:: WHAT YOU HAVE TO DO ::
Please output the line containing "Adidas Sport Sunglasses" and all lines that follow it in the data below, exactly, with no pictures.

======== RECORDS SUPPLIED ========

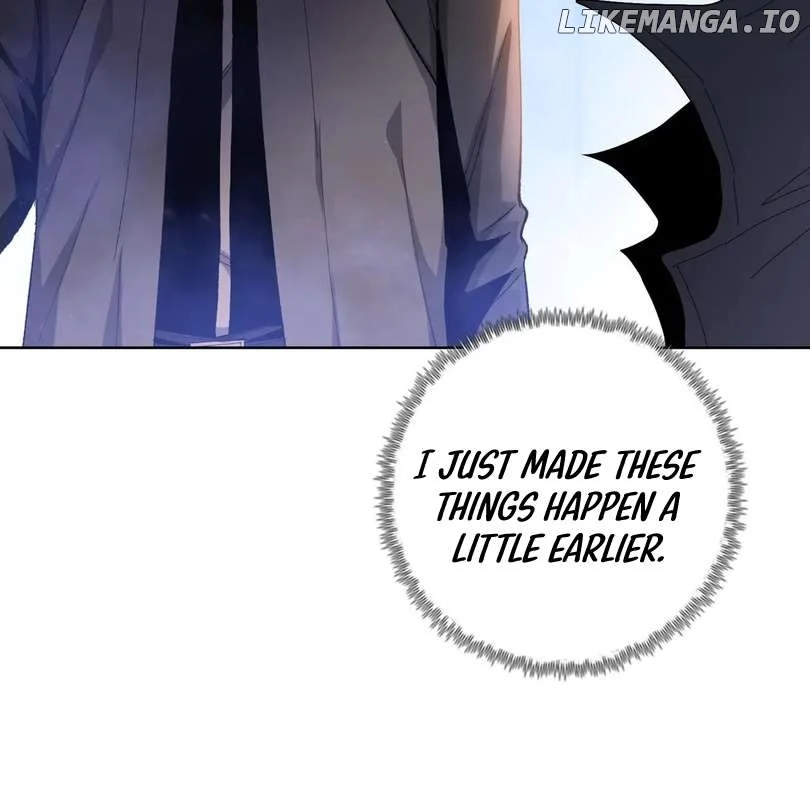 The doomsday ruthless man: hoarding trillions of supplies at the beginning Chapter 34 339 011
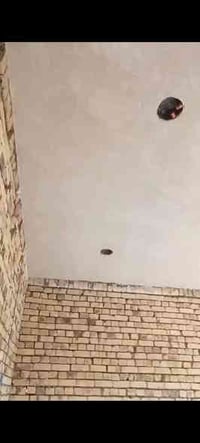 خلفه لبـخ متفرغ جراره وسقل   مخمر جص شــغل درجه اولئ  رقم 07832171411 ...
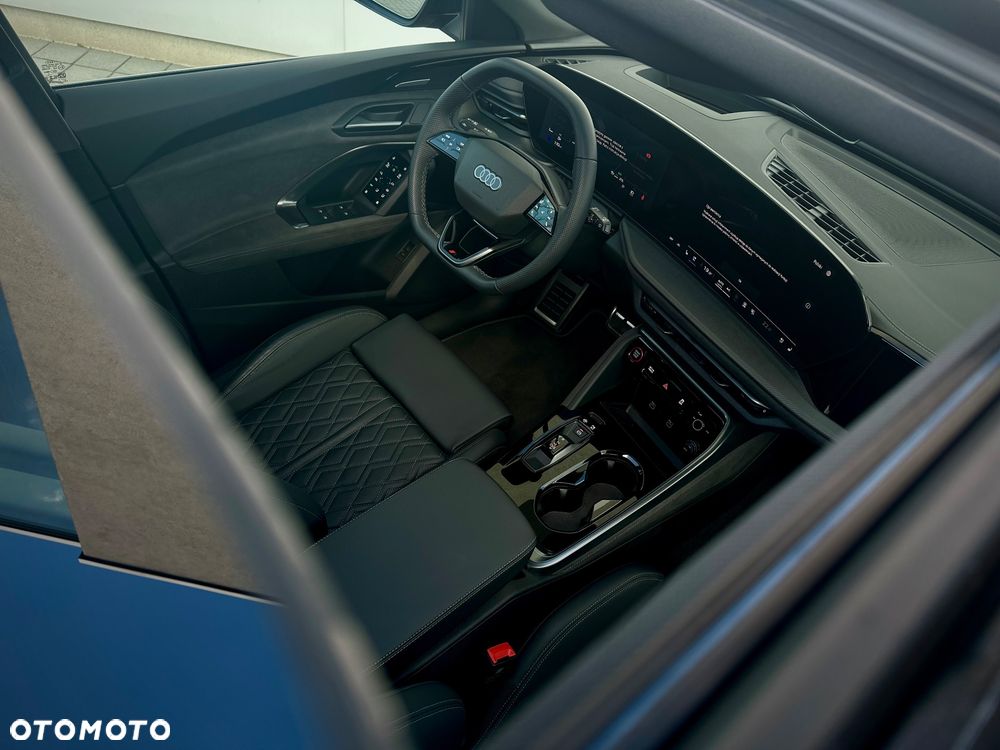 Audi SQ5 Sportback TFSI mHEV Quattro S tronic - 12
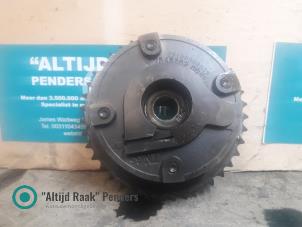 Gebruikte Nokkenas Tandwiel BMW 3 serie (F30) 316i 1.6 16V Prijs op aanvraag aangeboden door "Altijd Raak" Penders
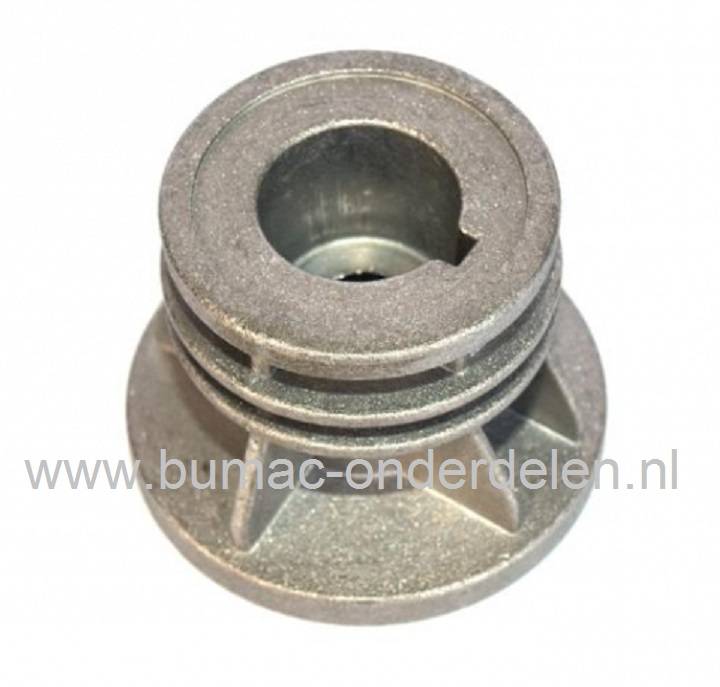 Houder voor Maaimes CASTELGARDEN - STIGA - ALPINA - MOUNTFIELD Grasmaaiers, GGP Maaimeshouders, Turbo Pro 50S Combi, Turbo Pro 55 4S Combi, Houder voor Bevestiging Maaimessen, Maaibladen op Cirkelmaaiers, Benzinemaaiers, Grasmachines, Motormaaiers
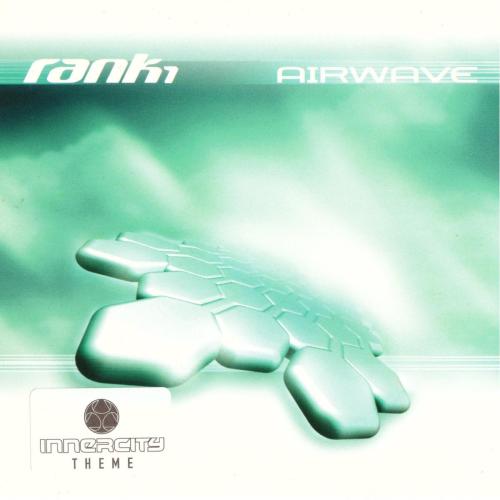 Rank 1 - Airwave (Radio Vocal Edit)
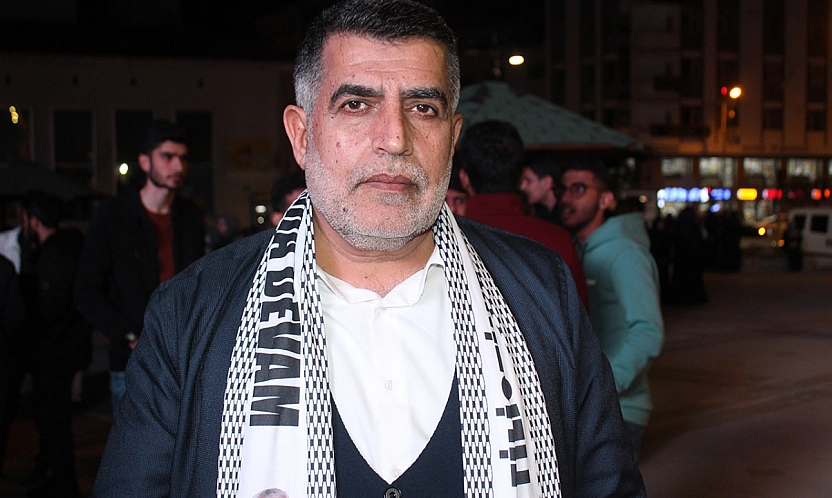 'Kaybeden Elazığ Oluyor!'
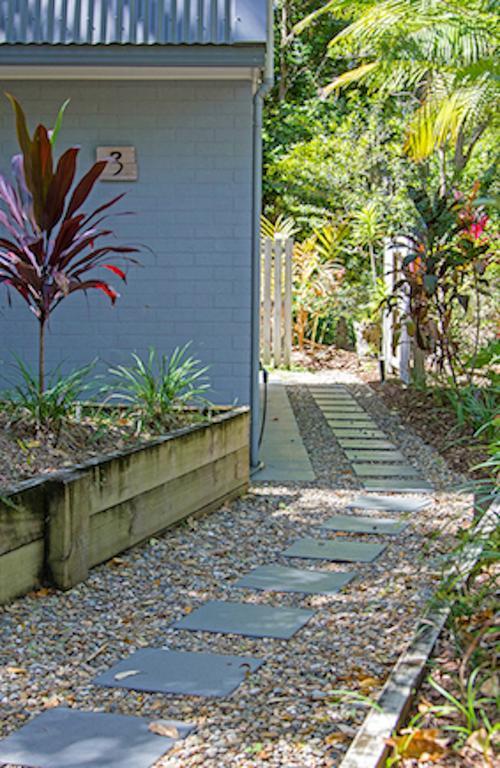 Bayshore Bungalows Byron Bay Exteriér fotografie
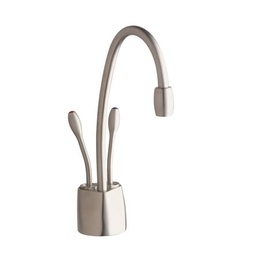 [ISE-F-HC1100SN] InSinkErator F-HC1100SN Series 1100 Designer Faucets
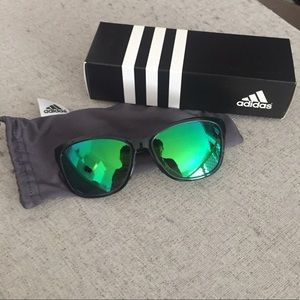 Adidas Sport Sunglasses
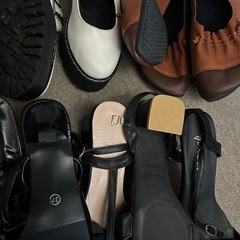 処分　値段　訳あり商品　ジャンク品　サイズ バラバラ まとめて　10点で2000円 の画像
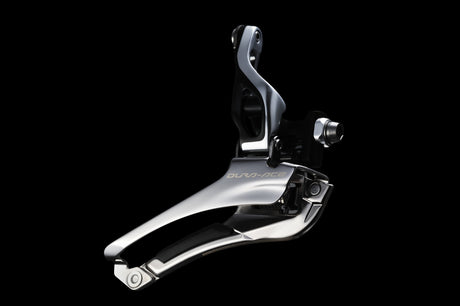Dura-Ace 11-Speed Front Derailleur Clamp-On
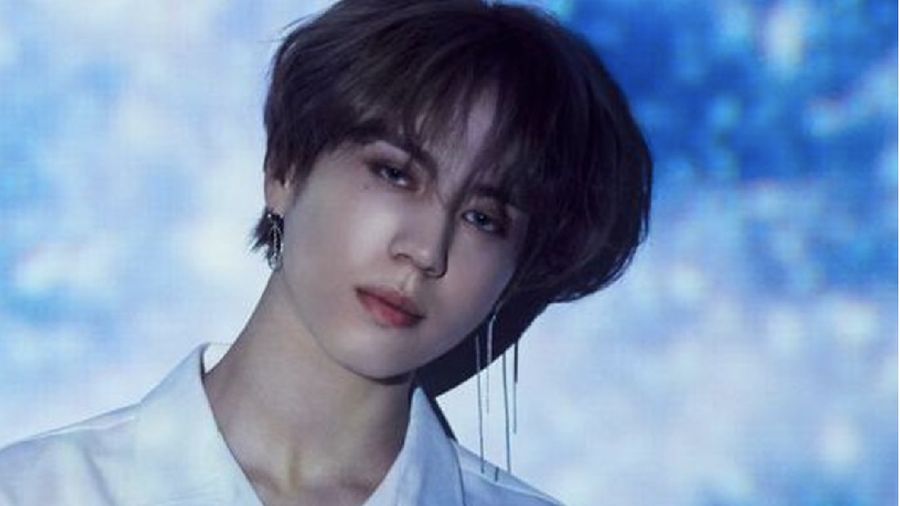 Anggota GOT7, Yugyeom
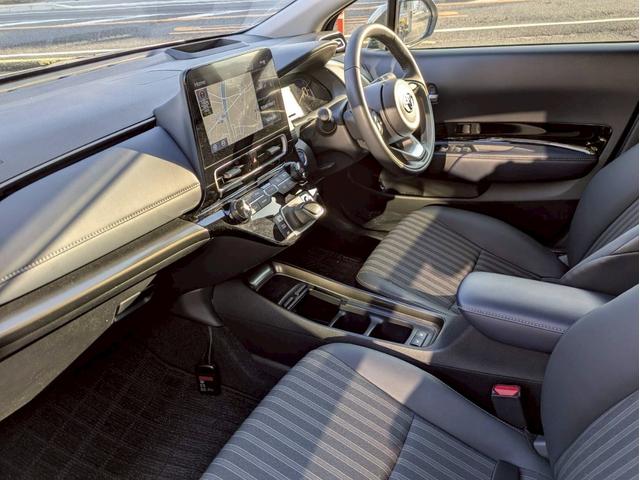 アクア Z(2枚目)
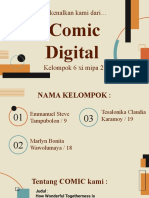 Comic Digital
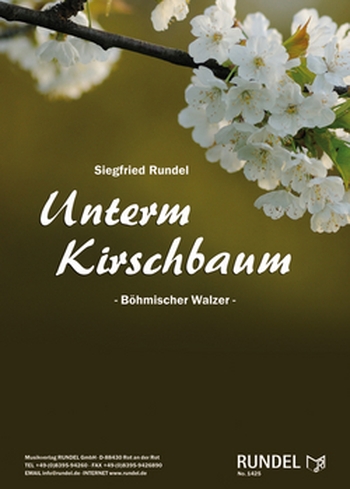 Unterm Kirschbaum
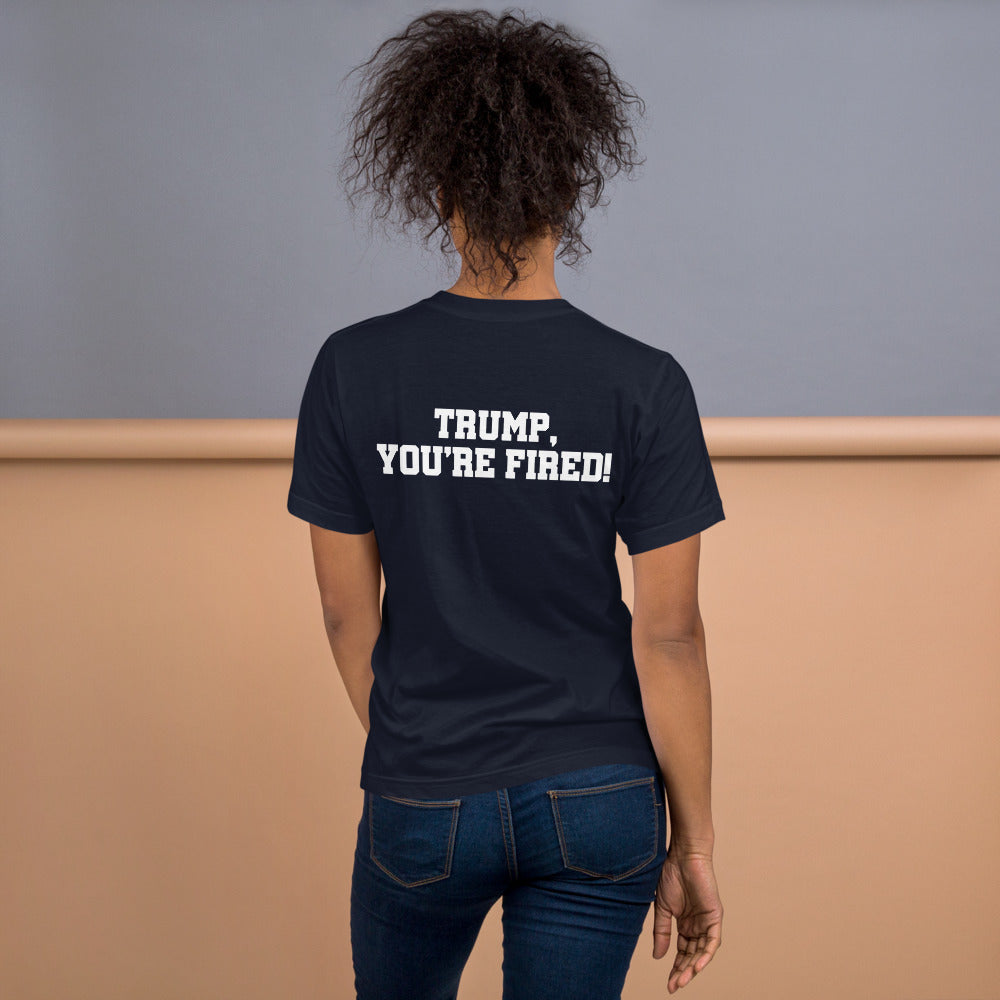 "AMERICANS FOR IMPEACHMENT" T-Shirt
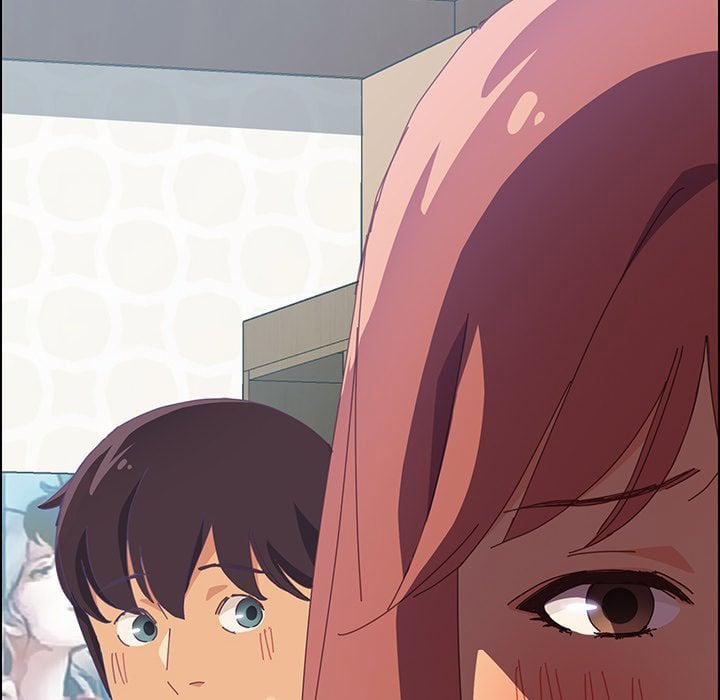 Trợ Lý Manhwa 3 trang 70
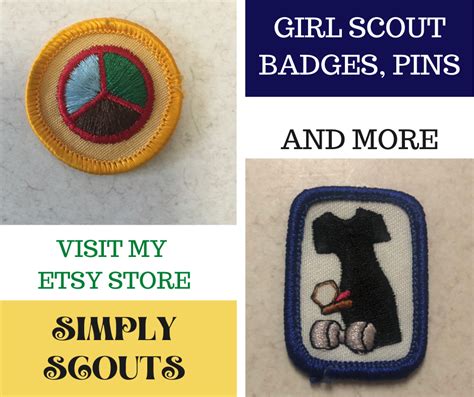 How To Earn Brownie Badges How To Earn The Girl Scout Brownie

========

:: ANSWER TO THIS EXERCISE ::
 Adidas Sport Sunglasses
 処分　値段　訳あり商品　ジャンク品　サイズ バラバラ まとめて　10点で2000円 の画像
Dura-Ace 11-Speed Front Derailleur Clamp-On
 Anggota GOT7, Yugyeom
 アクア Z(2枚目)
 Comic Digital
 Unterm Kirschbaum
 "AMERICANS FOR IMPEACHMENT" T-Shirt
 Trợ Lý Manhwa 3 trang 70
 How To Earn Brownie Badges How To Earn The Girl Scout Brownie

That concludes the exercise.